- _What you have to do_
Take the entries below and print, exactly, the stretch from the line containing "bonitacrylic Perchoir de" through the line containing "Side back of", both included.

- _Dataset excerpts_

☆ ☆ ☆ ☆ ☆

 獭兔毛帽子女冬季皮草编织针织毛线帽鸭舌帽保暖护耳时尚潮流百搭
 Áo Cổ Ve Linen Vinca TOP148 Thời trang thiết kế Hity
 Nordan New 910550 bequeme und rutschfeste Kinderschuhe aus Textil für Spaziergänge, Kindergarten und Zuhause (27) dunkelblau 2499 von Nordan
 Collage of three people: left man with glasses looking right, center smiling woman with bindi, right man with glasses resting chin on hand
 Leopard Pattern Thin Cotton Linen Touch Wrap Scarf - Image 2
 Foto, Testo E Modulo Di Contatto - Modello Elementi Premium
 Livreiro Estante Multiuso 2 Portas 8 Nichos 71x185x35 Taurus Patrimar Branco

☆ ☆ ☆ ☆ ☆

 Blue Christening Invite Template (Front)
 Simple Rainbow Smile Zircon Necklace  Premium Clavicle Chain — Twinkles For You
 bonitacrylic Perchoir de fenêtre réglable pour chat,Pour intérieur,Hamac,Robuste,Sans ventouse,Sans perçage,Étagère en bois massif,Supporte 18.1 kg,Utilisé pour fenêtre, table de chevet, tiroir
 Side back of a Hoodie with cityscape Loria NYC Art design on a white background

☆ ☆ ☆ ☆ ☆

- _Exercise response_
 bonitacrylic Perchoir de fenêtre réglable pour chat,Pour intérieur,Hamac,Robuste,Sans ventouse,Sans perçage,Étagère en bois massif,Supporte 18.1 kg,Utilisé pour fenêtre, table de chevet, tiroir
 Side back of a Hoodie with cityscape Loria NYC Art design on a white background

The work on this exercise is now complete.